RiČardas Vaicekauskas (1926-2011) had to wait half a century, until the fall of the Soviet Union, to tell the story of his teens and young adult years. Like tens of thousands of other Lithuanians, Vaicekauskas was deported to Siberia in 1941. He spent almost two decades in a labor camp on the shores of the Arctic Ocean and then in political exile. He was allowed to return home in 1960.
Instead of the usual memoir, he decided to put together a collection of interconnected stories, based on his own experiences and those of the people he met in the Soviet prison camp system (the GULAG) and the frozen regions around the delta of the Lena River.
His stories first appeared in a magazine in Vilnius in the early 1990s and were published in book form in 1999. They are now translated for the first time in English.
"When Vaicekauskas was fifteen years old, in 1941, the Soviet authorities arrested him and deported him to Siberia together with his family.

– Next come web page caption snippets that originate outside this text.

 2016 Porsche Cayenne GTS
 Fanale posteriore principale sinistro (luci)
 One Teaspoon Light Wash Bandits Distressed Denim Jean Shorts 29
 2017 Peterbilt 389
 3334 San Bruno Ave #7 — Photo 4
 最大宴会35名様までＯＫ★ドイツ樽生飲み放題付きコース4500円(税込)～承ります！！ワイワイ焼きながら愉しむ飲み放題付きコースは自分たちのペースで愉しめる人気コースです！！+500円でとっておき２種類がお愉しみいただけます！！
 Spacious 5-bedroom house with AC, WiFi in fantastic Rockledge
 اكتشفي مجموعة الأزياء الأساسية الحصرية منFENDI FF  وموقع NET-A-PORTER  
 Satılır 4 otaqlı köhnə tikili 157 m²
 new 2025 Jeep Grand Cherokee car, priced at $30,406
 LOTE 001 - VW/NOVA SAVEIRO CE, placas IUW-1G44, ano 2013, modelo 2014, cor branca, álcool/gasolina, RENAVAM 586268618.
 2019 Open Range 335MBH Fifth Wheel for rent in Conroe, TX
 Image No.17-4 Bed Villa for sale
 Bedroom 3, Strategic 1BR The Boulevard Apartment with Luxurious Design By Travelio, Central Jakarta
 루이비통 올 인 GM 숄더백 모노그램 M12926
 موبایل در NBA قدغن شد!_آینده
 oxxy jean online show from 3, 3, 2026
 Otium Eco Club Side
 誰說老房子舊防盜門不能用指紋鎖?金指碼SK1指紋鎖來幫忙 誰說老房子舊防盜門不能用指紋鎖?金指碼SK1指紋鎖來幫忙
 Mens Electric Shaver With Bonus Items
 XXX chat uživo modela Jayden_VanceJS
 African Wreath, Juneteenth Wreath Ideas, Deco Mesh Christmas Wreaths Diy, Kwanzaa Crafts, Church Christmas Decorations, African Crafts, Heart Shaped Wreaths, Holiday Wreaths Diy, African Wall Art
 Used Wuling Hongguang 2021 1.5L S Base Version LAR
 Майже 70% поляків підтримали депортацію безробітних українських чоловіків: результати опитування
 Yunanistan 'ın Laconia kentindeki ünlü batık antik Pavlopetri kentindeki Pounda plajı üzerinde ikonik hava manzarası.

Within a year he had lost both his parents and his brother. He was left all alone, thousands of kilometres from home, up in the Arctic Circle.
The reader is pulled into a labyrinth of horrors. Many of the events are grotesque and absurd, but the author is not seeking to frighten us in the traditional sense of horror. The macabre is mixed with irony. The author has an eye for detail and seeks to delve into the psychology of human cruelty but also of human resilience."